Taking Back My Fire

  Look, I have given you authority over all the power of the enemy, and you can walk among snakes and scorpions and crush them. Nothing will injure you. ~Luke 10:19 NLT

   A couple weeks ago I took it upon myself to begin this blog, to document my journey to better health and regaining the life I had taken for granted; a life I sacrificed in exchange for immediate satisfaction. Each week I sit here at the family computer, and I put on my uplifting music, and I lift up this new entry to God, to use for His divine purpose.
   Now, I'm finally beginning to see some of those results I've been looking for. The exciting part is hearing many others comment on how I look like I've lost weight; it's like fuel to the fire for me. I could not be happier with how this is going so far, and the minor improvements in my mobility and stamina are all testaments to my daily efforts to control how much food I intake.
   However, this is only half the battle for me. During my low points, those times when I felt hopeless and past the point of no return, my spiritual fire was decimated. I completely lost my faith in God, and I felt as if He wasn't even listening. Those voices had me convinced that I had thrown my life away, and God wasn't going to answer my tear-filled cries for help. So taking back my fire is just as critical to my overall well-being as my physical health is.

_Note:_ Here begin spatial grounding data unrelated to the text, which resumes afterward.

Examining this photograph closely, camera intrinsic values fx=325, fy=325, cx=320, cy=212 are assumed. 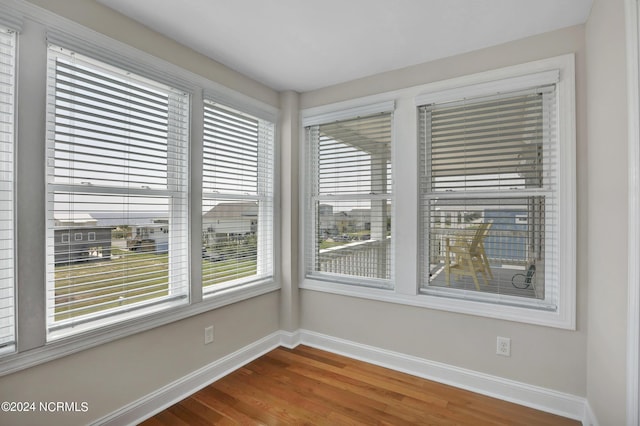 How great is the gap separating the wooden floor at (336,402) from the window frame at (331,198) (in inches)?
28.7

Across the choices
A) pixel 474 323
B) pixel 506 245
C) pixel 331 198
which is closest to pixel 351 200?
pixel 331 198

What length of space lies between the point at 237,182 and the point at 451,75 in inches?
77.6

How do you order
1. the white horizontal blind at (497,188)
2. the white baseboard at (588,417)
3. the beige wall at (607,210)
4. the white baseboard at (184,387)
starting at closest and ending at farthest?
1. the beige wall at (607,210)
2. the white baseboard at (588,417)
3. the white baseboard at (184,387)
4. the white horizontal blind at (497,188)

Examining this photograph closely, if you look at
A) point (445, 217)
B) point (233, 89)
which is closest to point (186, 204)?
point (233, 89)

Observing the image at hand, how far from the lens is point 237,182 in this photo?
2881 millimetres

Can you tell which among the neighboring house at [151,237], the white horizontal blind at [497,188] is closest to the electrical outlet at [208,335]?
the neighboring house at [151,237]

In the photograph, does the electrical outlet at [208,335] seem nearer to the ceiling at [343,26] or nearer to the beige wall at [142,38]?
the beige wall at [142,38]

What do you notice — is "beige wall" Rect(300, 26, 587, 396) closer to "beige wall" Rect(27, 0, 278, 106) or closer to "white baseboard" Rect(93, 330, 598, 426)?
"white baseboard" Rect(93, 330, 598, 426)

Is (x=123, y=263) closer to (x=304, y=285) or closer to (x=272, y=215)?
(x=272, y=215)

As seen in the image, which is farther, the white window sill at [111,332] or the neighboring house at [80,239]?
the neighboring house at [80,239]

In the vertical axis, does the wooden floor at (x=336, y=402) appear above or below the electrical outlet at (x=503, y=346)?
below

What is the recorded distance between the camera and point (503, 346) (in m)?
2.38

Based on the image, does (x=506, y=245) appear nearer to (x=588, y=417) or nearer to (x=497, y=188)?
(x=497, y=188)

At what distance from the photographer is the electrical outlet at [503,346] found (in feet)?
7.73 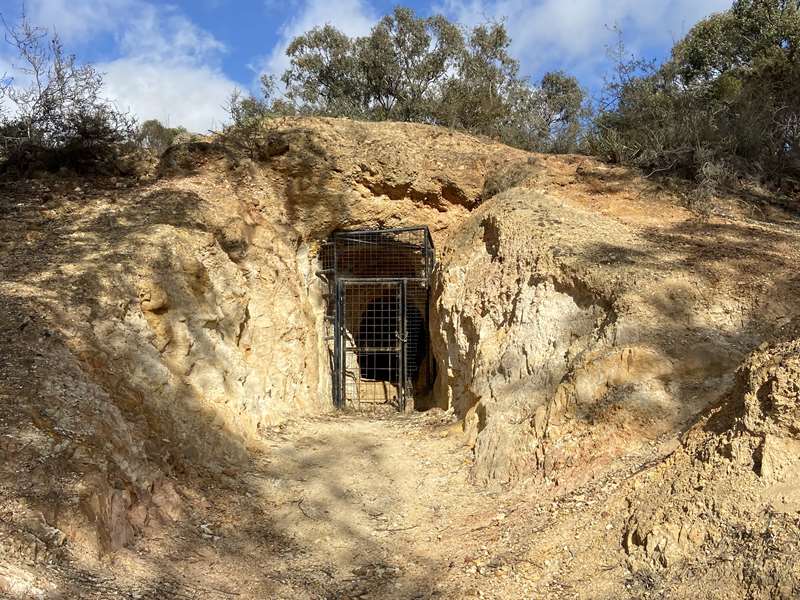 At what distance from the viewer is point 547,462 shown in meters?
4.80

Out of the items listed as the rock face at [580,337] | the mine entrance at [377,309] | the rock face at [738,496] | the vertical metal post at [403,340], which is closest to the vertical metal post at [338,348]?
the mine entrance at [377,309]

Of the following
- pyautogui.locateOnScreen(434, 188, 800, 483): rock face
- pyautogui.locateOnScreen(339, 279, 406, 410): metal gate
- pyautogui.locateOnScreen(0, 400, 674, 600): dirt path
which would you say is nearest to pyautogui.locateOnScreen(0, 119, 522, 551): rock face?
pyautogui.locateOnScreen(0, 400, 674, 600): dirt path

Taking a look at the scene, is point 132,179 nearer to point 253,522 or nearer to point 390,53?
point 253,522

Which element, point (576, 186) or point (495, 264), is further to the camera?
point (576, 186)

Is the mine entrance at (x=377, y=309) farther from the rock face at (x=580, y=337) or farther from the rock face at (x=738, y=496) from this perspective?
the rock face at (x=738, y=496)

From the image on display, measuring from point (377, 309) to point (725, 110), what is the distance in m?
6.32

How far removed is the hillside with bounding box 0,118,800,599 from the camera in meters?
3.30

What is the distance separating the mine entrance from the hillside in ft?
0.89

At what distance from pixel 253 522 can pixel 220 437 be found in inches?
47.4

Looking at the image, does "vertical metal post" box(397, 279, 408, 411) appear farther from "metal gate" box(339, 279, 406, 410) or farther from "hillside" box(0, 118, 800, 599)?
"hillside" box(0, 118, 800, 599)

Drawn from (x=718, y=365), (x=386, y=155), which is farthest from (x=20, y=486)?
(x=386, y=155)

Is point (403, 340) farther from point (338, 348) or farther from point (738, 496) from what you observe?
point (738, 496)

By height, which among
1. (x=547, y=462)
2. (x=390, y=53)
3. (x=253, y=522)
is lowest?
(x=253, y=522)

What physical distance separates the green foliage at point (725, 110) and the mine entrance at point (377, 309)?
336 centimetres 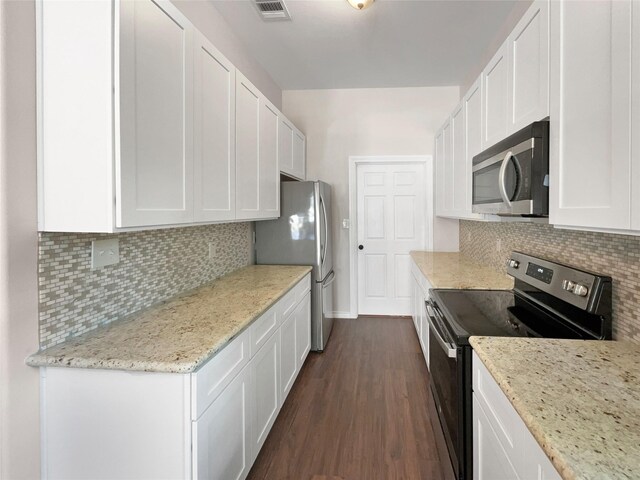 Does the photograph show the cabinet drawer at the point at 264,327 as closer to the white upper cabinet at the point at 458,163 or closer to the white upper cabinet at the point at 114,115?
the white upper cabinet at the point at 114,115

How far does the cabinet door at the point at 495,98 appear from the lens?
5.81 ft

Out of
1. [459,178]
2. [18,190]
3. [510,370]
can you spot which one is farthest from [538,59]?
[18,190]

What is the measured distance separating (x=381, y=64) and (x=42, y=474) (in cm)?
384

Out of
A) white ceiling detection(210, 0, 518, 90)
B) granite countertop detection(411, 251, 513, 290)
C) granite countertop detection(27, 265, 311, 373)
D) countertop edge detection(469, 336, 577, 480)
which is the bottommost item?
countertop edge detection(469, 336, 577, 480)

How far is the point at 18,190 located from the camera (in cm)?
112

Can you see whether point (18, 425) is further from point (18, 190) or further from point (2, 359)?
point (18, 190)

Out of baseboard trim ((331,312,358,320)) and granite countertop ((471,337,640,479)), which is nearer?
granite countertop ((471,337,640,479))

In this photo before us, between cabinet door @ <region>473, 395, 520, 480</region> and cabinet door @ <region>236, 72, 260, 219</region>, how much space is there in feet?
5.52

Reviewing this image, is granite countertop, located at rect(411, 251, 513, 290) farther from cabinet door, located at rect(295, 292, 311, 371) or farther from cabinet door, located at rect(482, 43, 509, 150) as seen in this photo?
cabinet door, located at rect(295, 292, 311, 371)

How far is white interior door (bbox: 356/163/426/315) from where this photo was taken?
171 inches

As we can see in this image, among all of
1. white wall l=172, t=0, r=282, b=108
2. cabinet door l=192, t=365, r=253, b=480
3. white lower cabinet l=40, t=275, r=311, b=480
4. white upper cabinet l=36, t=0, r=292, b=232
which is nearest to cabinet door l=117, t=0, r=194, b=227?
white upper cabinet l=36, t=0, r=292, b=232

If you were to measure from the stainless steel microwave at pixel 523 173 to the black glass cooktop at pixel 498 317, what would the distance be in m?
0.50

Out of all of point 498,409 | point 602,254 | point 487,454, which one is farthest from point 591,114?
point 487,454

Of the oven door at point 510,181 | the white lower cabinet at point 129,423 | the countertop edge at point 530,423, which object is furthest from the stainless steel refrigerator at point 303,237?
the countertop edge at point 530,423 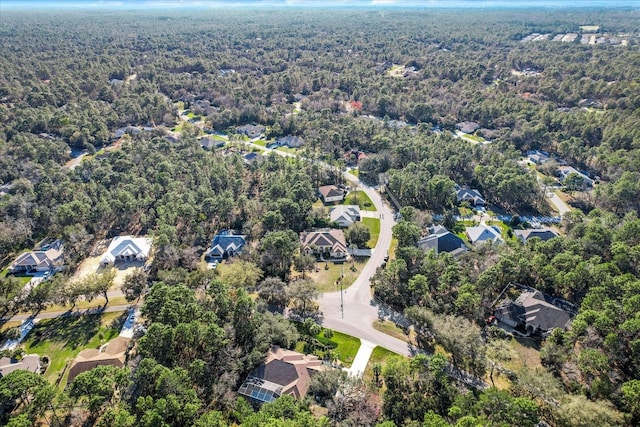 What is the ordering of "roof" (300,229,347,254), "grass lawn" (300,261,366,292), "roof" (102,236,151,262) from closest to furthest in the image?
"grass lawn" (300,261,366,292), "roof" (102,236,151,262), "roof" (300,229,347,254)

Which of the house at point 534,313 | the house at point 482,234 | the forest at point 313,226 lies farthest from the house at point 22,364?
the house at point 482,234

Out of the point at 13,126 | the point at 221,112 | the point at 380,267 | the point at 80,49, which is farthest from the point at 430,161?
the point at 80,49

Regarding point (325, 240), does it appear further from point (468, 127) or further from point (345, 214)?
point (468, 127)

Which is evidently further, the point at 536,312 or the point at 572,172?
the point at 572,172

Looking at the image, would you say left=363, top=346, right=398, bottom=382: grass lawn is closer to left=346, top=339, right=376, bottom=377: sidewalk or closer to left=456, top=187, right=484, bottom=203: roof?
left=346, top=339, right=376, bottom=377: sidewalk

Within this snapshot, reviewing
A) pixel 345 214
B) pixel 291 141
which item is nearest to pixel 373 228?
pixel 345 214

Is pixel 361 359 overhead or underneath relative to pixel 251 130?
underneath

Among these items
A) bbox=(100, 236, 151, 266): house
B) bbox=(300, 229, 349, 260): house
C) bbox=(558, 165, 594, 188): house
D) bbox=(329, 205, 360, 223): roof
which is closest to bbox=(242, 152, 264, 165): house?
bbox=(329, 205, 360, 223): roof

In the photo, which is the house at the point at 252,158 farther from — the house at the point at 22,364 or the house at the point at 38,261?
the house at the point at 22,364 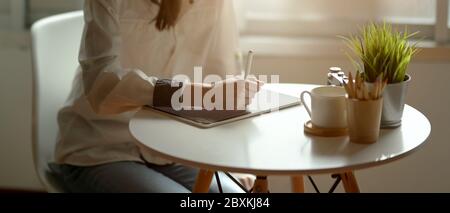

   The voices are still there, but I have a choice as to how much power they have over my mind and the choices I make. So I'm making it my goal to arm myself with the knowledge that comes from the Bible, and to reignite my dormant inner being, because I refuse to let my weight or my food addiction dictate my identity any more. I can't take this for granted, or make excuses like I have so many times before.
   And so, for my health, for my wife, for my family, and most of all for my God, I'm taking the fight to the enemy, and taking back my fire, once and for all.